Na kannste dich aber nicht beklagen bei so einem Zander  #r  #r 

Wie ich so zwischen den Zeilen lese war es zwar nicht optimal aber immer noch ne schöne Tour.

Was will man mehr :m 

Gruß
Palometta


----------



## Wedaufischer (8. November 2004)

*AW: Nord Holland*

@frank (krauthi),
dann meinst du den Bungalowpark "de Horn". Genau da sind wir auch öfter.

@Maruis,
Er hatte nur 97cm. Es war der 3. "Große" meiner persönlichen Zander-Oberliga. Leider mußte ich diesen hier abschlagen, da er zu tief geschluckt hatte und ich trotz langer Lösezange, nicht mehr an den Haken kam.

@Frank (Palometta),
jeder (Angel)Tag in Holland ist ein schöner Tag.
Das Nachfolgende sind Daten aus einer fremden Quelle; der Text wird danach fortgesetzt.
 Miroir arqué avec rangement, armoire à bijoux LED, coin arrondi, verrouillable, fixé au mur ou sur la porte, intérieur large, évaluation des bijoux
Egal wie das Wetter ist, denn man kann sich darauf (meist) einstellen. Ausnahmen bestätigen allerdings auch hier die Regel.  Mir gefallen einfach Land, Luft und Leute.

Nicht so sehr die Preise, außer vielleicht die Spritpreise, die um ca. 10 T€uro-Cent niedriger sind als hier in D. Die Preise für Angelzubehör haben in den den letzten 2 Jahren (zumindest bei Nipro Hengelsport) erheblich angezogen. Beispielweise kostet ein einfaches Standard-Knicklicht (grün, 4,9x39mm) dort jetzt 50 T€uro-Cent! Ich war ehrlich geschockt, als ich meinen Lütten mit 5 T€uros losschickte, um 10 Knickis zu kaufen, und er ohne Pfennig, ähm Cent, wieder zurück kam. Da hat man seine Korting-Karte schnell voll! #d

Sorry für meine Abschweifung. Danke, ja es war wieder eine schöne Tour. :m


----------



## dosco (12. November 2004)

*AW: Nord Holland*

Hi,
ich wollte ans Timmeler Meer in 2005. Vor allem um Zander zu fangen. 

a) Macht das dort Sinn ????
b) Kennt Ihr sont ein guten Angebot wo man aus dem Bungalow heraus auf Zander angeln kann?

Gruß,
Dosco


----------



## Wedaufischer (12. November 2004)

*AW: Nord Holland*



			
				dosco schrieb:
			
		

> Hi,
> ich wollte ans Timmeler Meer in 2005. Vor allem um Zander zu fangen.
> 
> a) Macht das dort Sinn ????
> ...


zu a) Warum sollte das keinen Sinn machen?
zu b) Schau doch mal hier nach.
zu c) Warum schreibst du das ins Holland Forum?


----------